- Task goal -
Below are several entries. Transcribe exactly those lines that fall from the one with "2x Butelka Sportowa" through the one with "Allen County Kentucky", end lines included.

- Data under study -

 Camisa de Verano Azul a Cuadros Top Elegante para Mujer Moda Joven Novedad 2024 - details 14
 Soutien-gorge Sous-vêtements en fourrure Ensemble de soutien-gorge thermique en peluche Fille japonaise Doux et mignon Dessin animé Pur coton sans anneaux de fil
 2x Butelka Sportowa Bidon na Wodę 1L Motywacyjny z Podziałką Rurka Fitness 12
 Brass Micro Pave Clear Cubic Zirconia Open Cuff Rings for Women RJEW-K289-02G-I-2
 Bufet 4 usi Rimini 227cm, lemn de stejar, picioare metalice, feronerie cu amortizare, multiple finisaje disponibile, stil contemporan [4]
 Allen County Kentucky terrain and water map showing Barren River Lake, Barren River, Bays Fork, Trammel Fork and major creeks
---
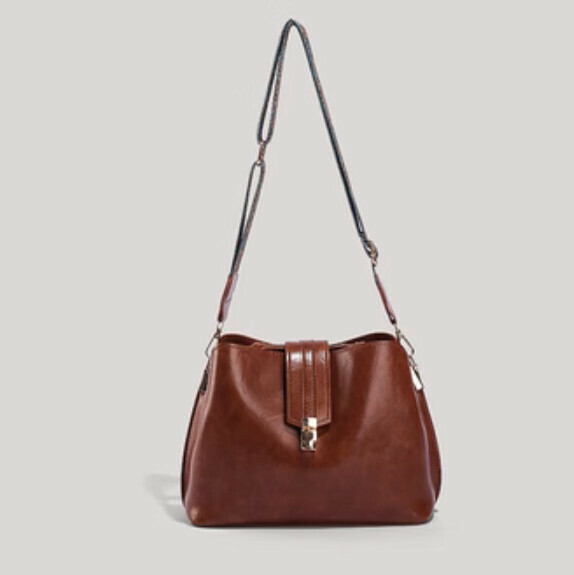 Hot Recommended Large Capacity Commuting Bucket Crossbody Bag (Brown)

- Your solution -
 2x Butelka Sportowa Bidon na Wodę 1L Motywacyjny z Podziałką Rurka Fitness 12
 Brass Micro Pave Clear Cubic Zirconia Open Cuff Rings for Women RJEW-K289-02G-I-2
 Bufet 4 usi Rimini 227cm, lemn de stejar, picioare metalice, feronerie cu amortizare, multiple finisaje disponibile, stil contemporan [4]
 Allen County Kentucky terrain and water map showing Barren River Lake, Barren River, Bays Fork, Trammel Fork and major creeks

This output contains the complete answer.